BEGIN Record excerpts

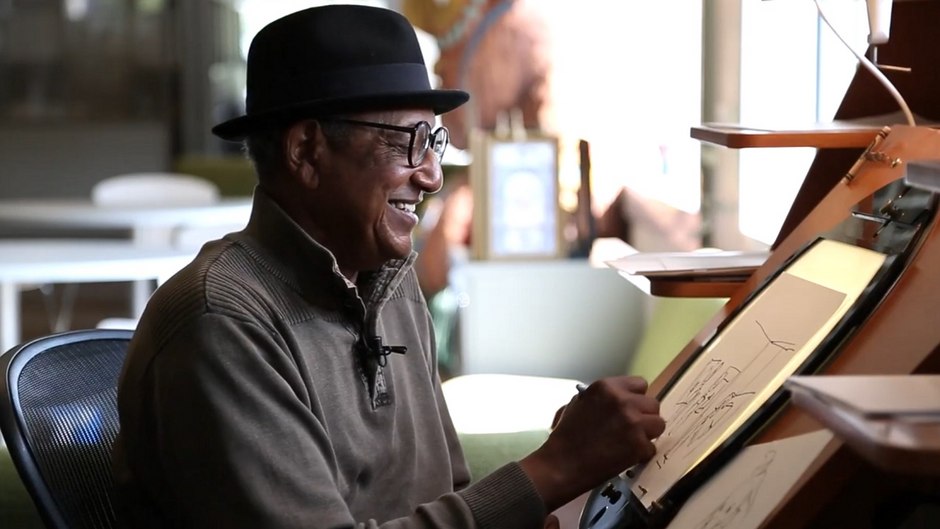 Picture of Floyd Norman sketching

END Record excerpts
BEGIN Record excerpts

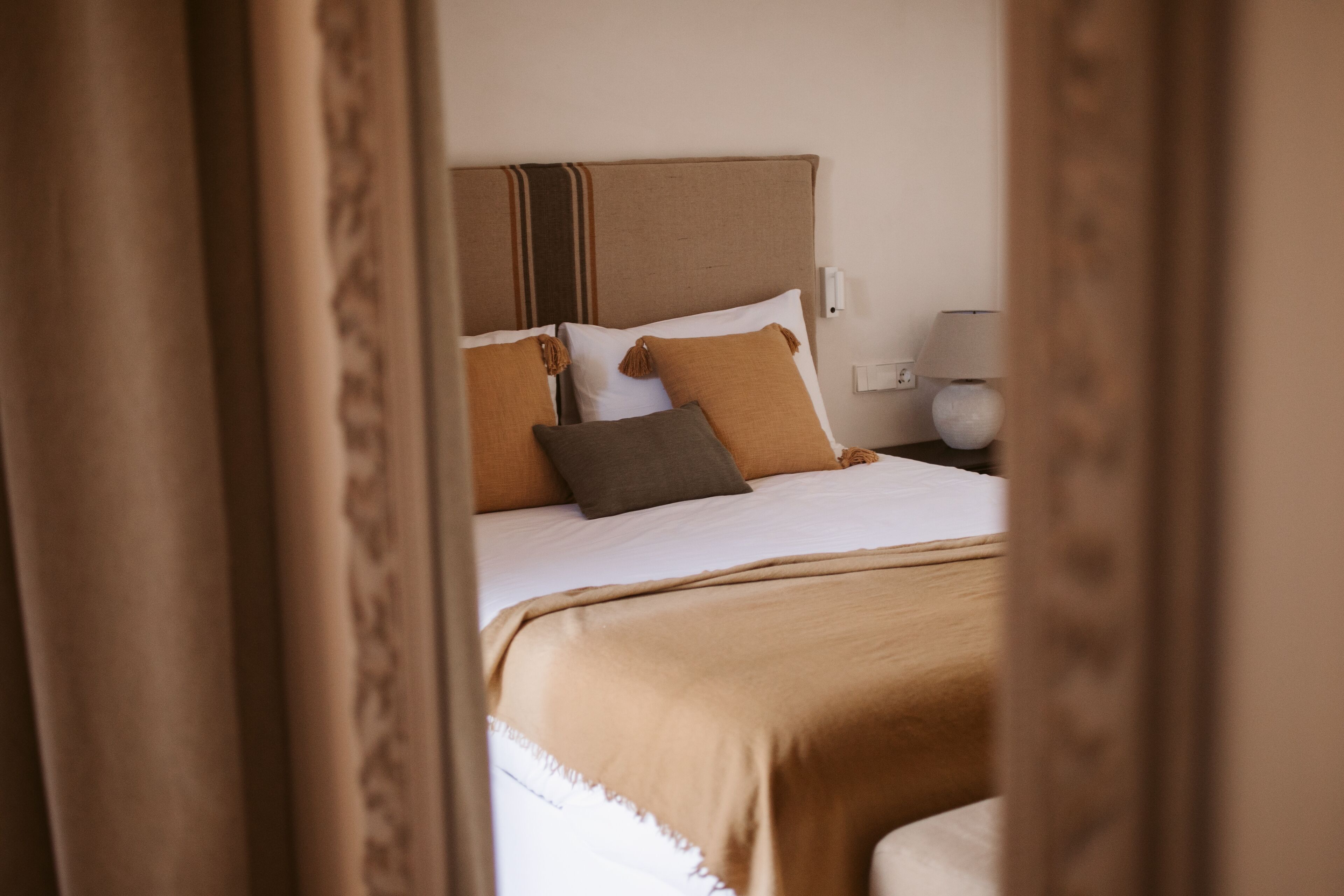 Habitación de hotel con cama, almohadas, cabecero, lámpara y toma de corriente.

END Record excerpts
BEGIN Record excerpts

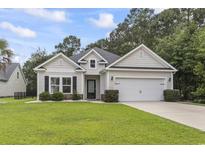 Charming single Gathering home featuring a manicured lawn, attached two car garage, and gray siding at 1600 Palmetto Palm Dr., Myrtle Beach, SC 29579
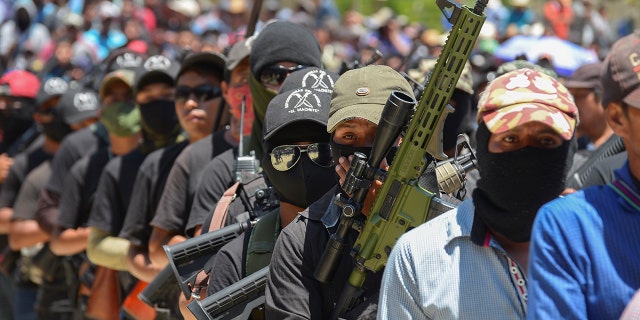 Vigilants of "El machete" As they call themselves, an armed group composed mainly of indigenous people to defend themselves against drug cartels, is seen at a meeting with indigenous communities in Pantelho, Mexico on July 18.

END Record excerpts

- [What this task involves] Start with the line above containing "Charming single Gathering" and end with the line containing "on July 18.". Set down that stretch exactly, without any pictures.

- [Problem solution]
 Charming single Gathering home featuring a manicured lawn, attached two car garage, and gray siding at 1600 Palmetto Palm Dr., Myrtle Beach, SC 29579
 Vigilants of "El machete" As they call themselves, an armed group composed mainly of indigenous people to defend themselves against drug cartels, is seen at a meeting with indigenous communities in Pantelho, Mexico on July 18.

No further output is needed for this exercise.